What is required - Find all lines with the word "Free" in the material, then copy them.
++++++
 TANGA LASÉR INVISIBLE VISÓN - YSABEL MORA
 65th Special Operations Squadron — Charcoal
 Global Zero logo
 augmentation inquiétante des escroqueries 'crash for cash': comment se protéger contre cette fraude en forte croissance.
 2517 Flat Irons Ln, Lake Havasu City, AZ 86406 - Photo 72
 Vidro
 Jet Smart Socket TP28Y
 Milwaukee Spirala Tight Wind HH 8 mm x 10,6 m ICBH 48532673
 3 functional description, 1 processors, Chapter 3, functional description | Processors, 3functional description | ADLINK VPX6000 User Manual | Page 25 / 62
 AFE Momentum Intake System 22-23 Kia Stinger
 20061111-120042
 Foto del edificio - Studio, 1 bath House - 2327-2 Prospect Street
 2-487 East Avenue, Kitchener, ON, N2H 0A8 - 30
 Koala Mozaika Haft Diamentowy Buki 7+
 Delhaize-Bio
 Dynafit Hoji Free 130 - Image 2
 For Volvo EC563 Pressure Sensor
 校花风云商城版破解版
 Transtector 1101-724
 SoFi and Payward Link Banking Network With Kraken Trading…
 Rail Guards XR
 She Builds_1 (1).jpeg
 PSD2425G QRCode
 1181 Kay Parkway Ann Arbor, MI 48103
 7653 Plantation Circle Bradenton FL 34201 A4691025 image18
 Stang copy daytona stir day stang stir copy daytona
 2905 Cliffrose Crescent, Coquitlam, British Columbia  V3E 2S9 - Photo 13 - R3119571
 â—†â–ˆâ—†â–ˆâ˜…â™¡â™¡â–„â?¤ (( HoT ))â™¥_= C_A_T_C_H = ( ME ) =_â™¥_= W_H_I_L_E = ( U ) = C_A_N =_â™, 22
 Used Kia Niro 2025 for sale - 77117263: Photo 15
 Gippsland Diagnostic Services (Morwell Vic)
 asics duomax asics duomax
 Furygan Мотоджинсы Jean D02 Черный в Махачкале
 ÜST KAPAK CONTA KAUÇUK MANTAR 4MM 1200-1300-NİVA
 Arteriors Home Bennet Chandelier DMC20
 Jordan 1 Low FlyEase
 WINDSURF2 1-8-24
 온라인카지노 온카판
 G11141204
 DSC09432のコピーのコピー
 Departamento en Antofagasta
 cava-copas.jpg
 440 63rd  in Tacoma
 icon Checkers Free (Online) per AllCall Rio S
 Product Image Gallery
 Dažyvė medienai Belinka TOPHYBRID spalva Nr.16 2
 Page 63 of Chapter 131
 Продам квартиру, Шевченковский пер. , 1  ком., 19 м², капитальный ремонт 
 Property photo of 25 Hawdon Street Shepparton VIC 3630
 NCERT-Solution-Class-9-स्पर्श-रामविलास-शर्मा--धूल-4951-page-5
++++++
Task response -
 Dynafit Hoji Free 130 - Image 2
 icon Checkers Free (Online) per AllCall Rio S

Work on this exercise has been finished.